Over the weekend, Amazon.com started quietly de-listing gay and lesbian (GLBT) books apparently under the pretext they were 'adult' even when they were clearly ordinary stories with GLBT content. The internets, primarily Twitter, exploded with outrage.
It's an interesting new phenomenon. The type of technology that allows flashmobs to gather and do daft stuff for fun also allows people to find out about bad stuff, react to it, form a feedback loop and overreact to it, then work themselves up into a frenzy over it, and then still have time left over to wonder what the hell is wrong with the offending company for not having apologized already, and all this before the offending company has managed to prise its head out of its ass.
It appears that Amazon didn't mean it. They seem to have made an error based on customer tags that disproportionally affected GLBT books. It started and was over in a couple of days, but the fuss on the internet did that thing meters do in films just before the reactor blows.

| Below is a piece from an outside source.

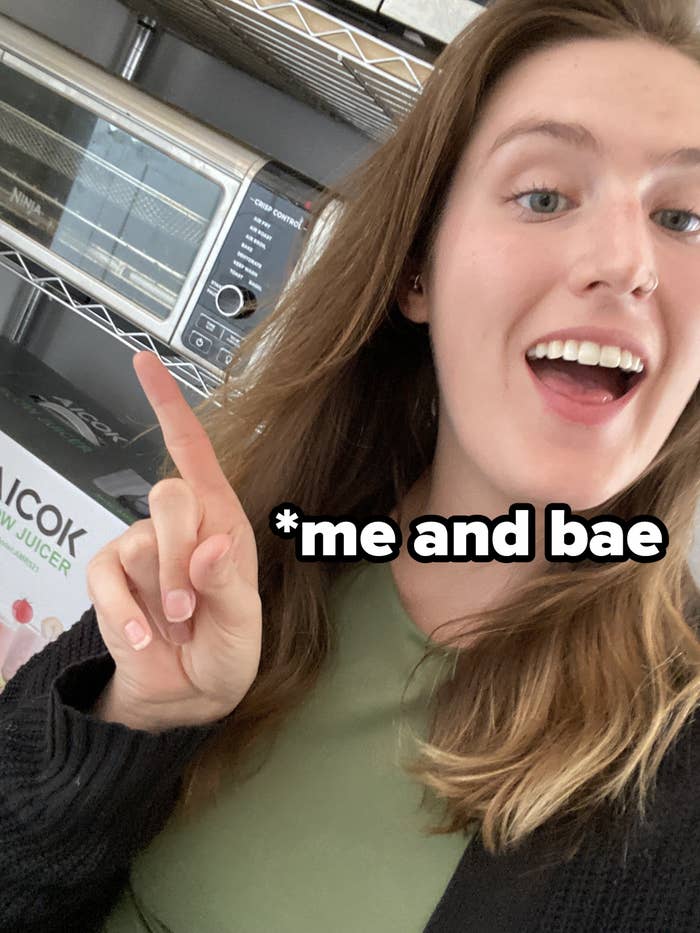 Woman pointing to an air fryer with the text &quot;me and bae&quot;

In my prior experience this sort of hysteria has been confined to LiveJournal, which has all the requisite positive feedback loops and little way to damp feedback, leading to what's commonly known as "wank" there. Twitter, the new player on the block, seems to have even better positive feedback and yet retains absolutely no way at all to damp wank down, as the 140-character limit of a tweet is just right for an opinion but too short to provide any sort of context, analysis or apology. (Just for the record, wank on Twitter is called Fail...more or less. This incident, for instance, is called #Amazonfail.)
I'm not going to try to explain the whole thing - it'll just start it off again here on this blog, which is not what I'm aiming for - and there's a news story in the New York Times called Amazon Says Error Removed Listings which explains it in a nutshell.
Amazon, once they woke up to the sound of the tweets, offered this hurried explanation.
But in the meantime, almost every blog I read, apart from the terminally sloth-like[1], had covered the story with thousands of commenters getting in the act. Many swore never to use Amazon again. Most, I would say, assumed the worst motives of Amazon. Some suggested that the correct way to address this was to follow the time-honored order
1. Investigation
2. Trial
3. Execution
and not leap to the third one simply because it is now technologically possible to do so. I have to say I'm with this latter group.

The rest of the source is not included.